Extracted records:
● ● ●

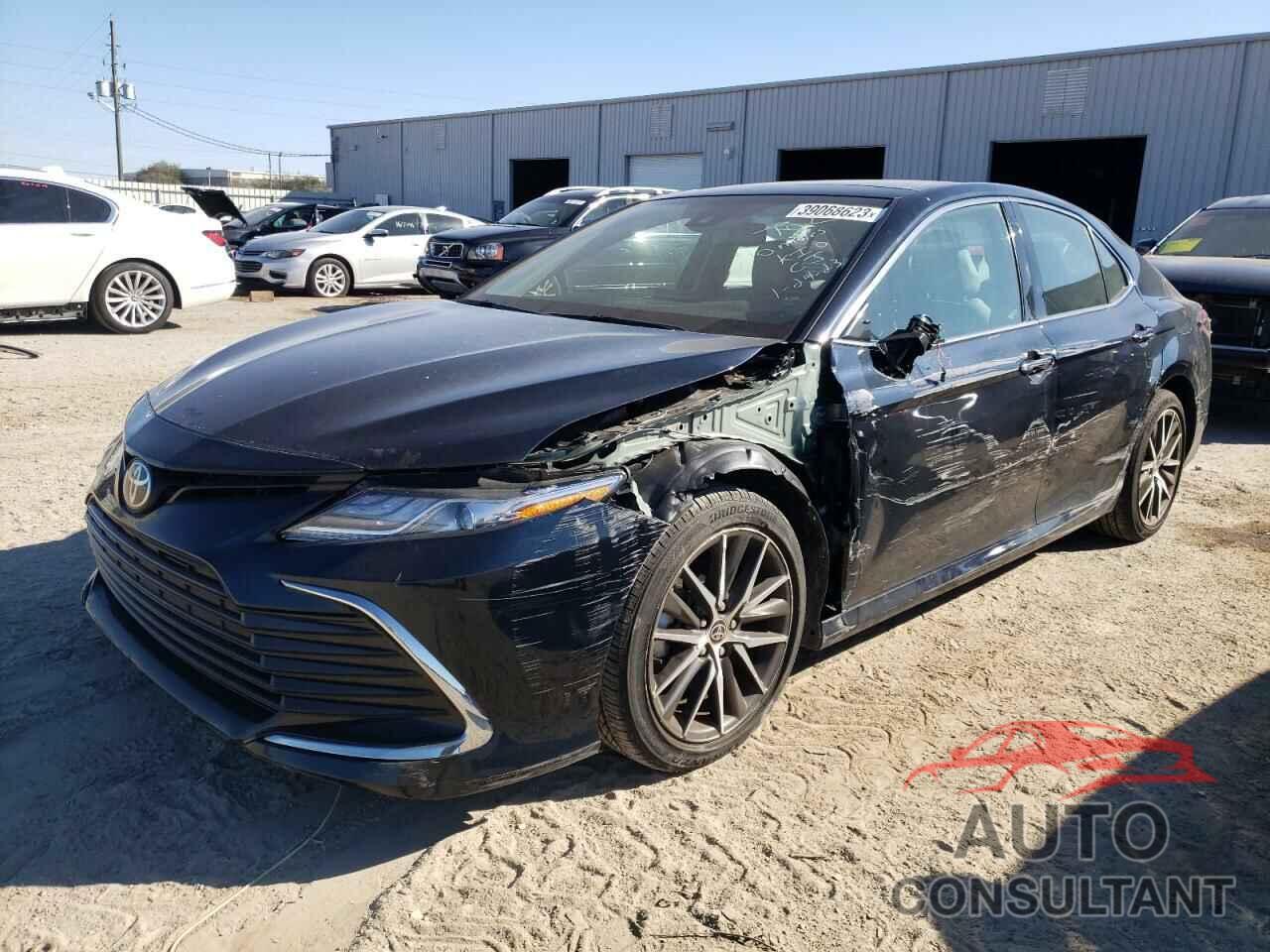 TOYOTA CAMRY 2021 - 4T1F11AK5MU452646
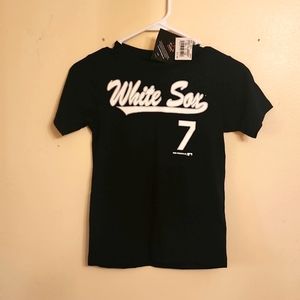 WHITE SOX BLACK T-SHIRT NEW.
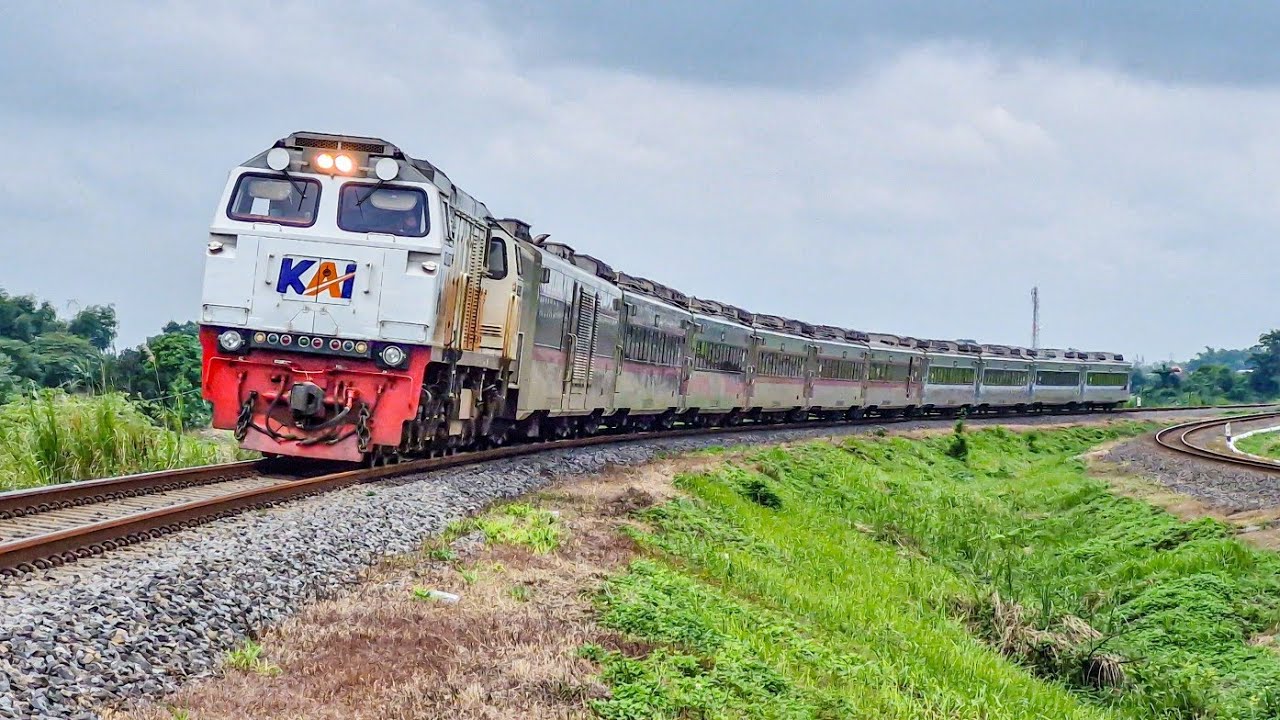 JALUR KERETA LUMPUH IMBAS BANJIR PEKALONGAN!! KERETA API JALUR UTARA MEMUTAR VIA JALUR SELATAN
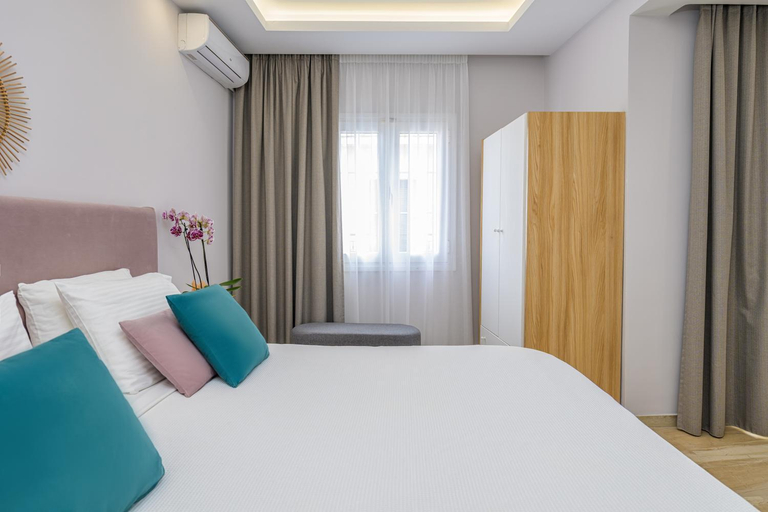 Bedroom 1, KORINA APART HOTEL KAVOS, Ionian Islands
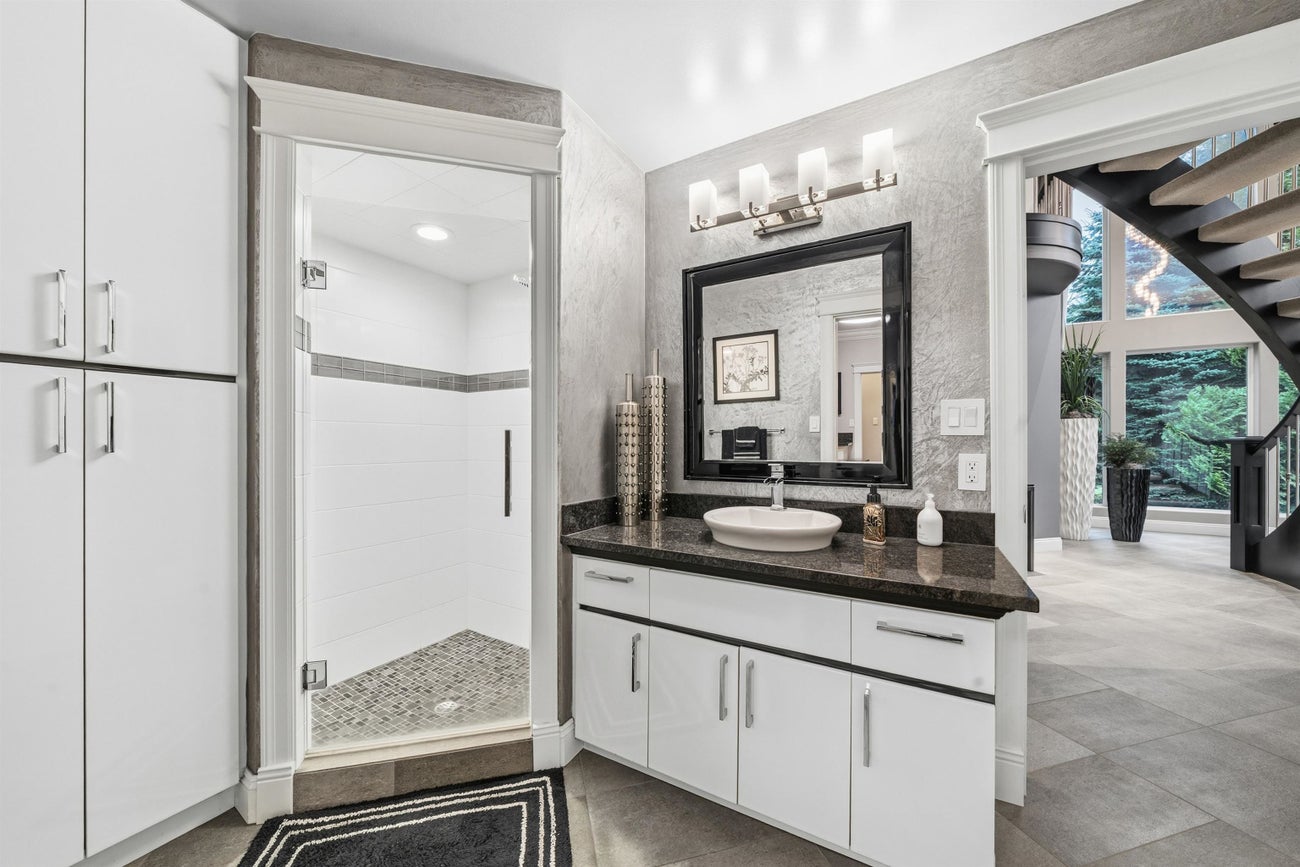 1131 Milford Avenue - Central Coquitlam Single Family Residence for Sale, 6 Bedrooms (R3107883)# - 7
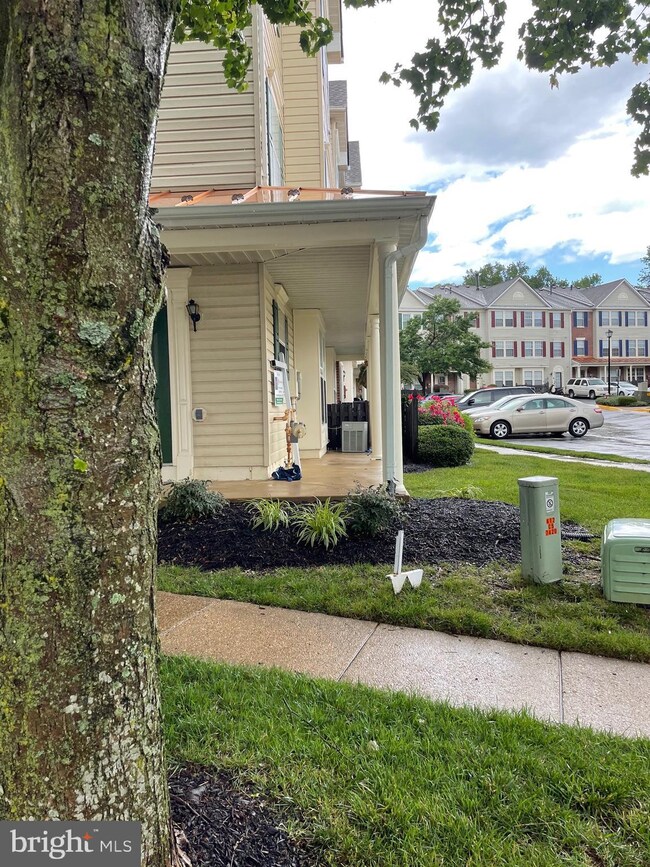 9230 Deer Crossing unit 35, Lorton, VA 22079 - photo 3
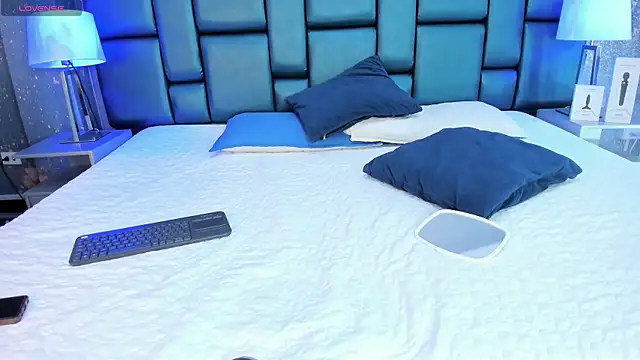 AnthonelaDuque online show from 14, 9, 2025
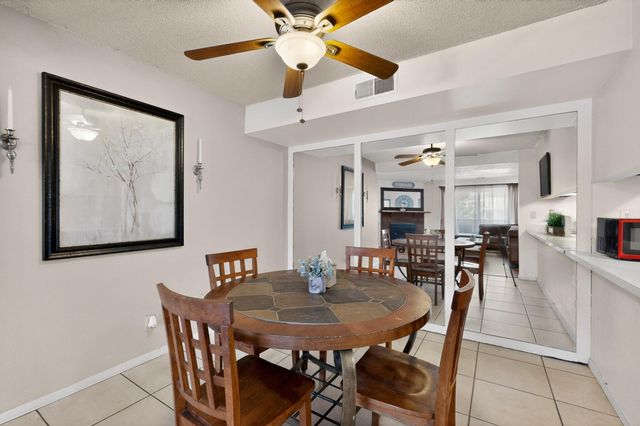3827 Montgomery Boulevard NE APT 231, Albuquerque, NM 87109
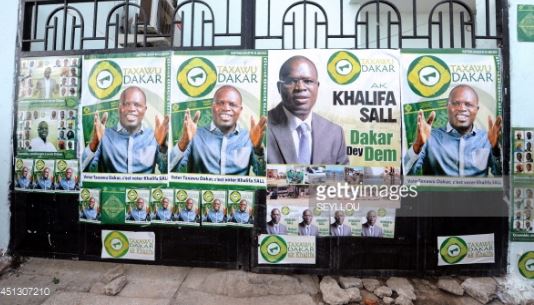 Temps d'antenne de Mànkoo : Khalifa Sall choisit la chaise vide, les menottes et le silence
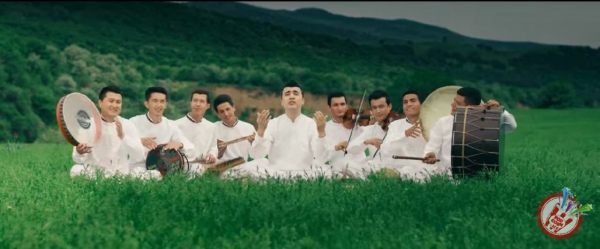 Шоҳжаҳон Жўраевдан рамазон туҳфаси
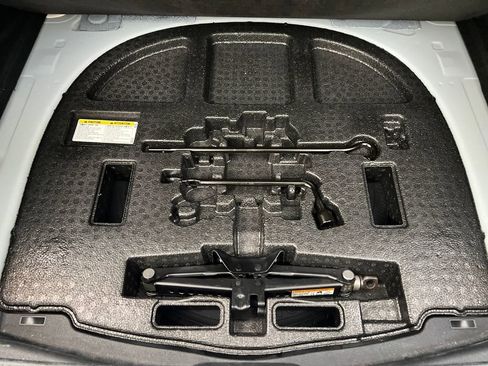 Used 2025 Toyota Camry SE image 30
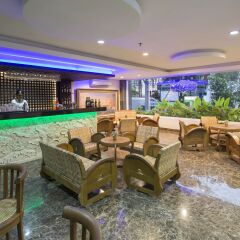 Отель Grand Puri Saron Yogyakarta развлечения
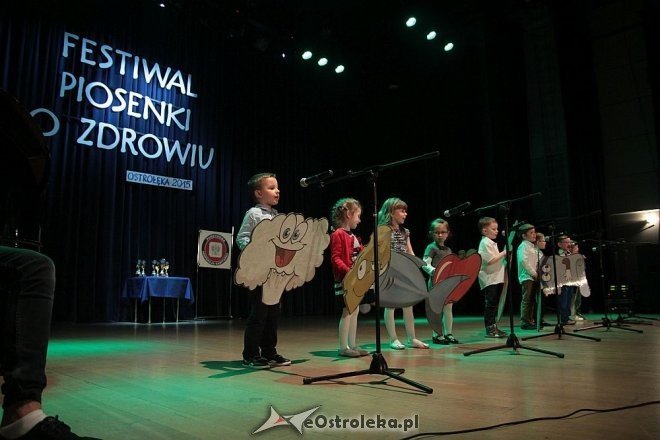 Powiatowy Festiwal Piosenki o Zdrowiu w Ostrołęckim Centrum Kultury [07.05.2015] - zdjęcie #35 - eOstroleka.pl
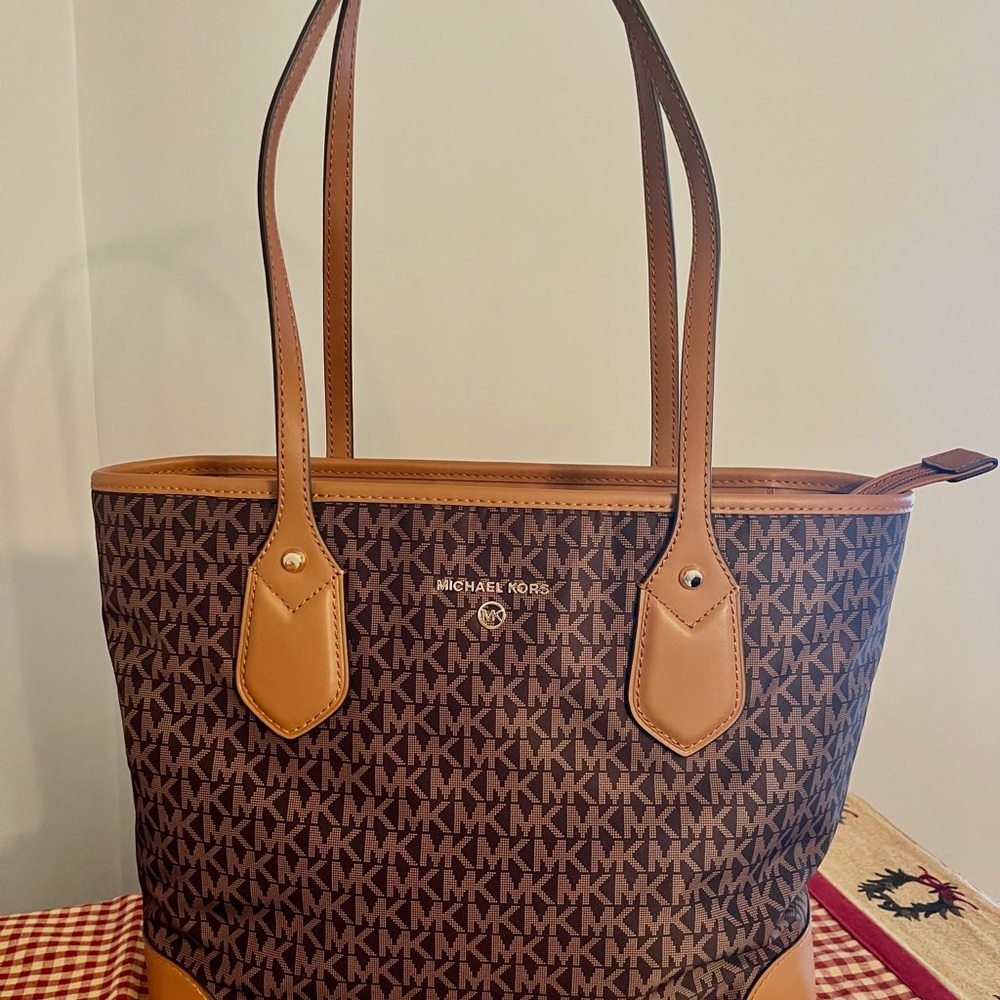 Michael Kors Eva Signature MK
Logo BROWN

● ● ●

## [TASK REQUIREMENTS]
The answer should consist only of the lines from the line with "Шоҳжаҳон Жўраевдан рамазон туҳфаси" through the last line of the data, repeated exactly; pictures stay out.

## [RESULT OF THE EXERCISE]
 Шоҳжаҳон Жўраевдан рамазон туҳфаси
 Used 2025 Toyota Camry SE image 30
 Отель Grand Puri Saron Yogyakarta развлечения
 Powiatowy Festiwal Piosenki o Zdrowiu w Ostrołęckim Centrum Kultury [07.05.2015] - zdjęcie #35 - eOstroleka.pl
 Michael Kors Eva Signature MK
Logo BROWN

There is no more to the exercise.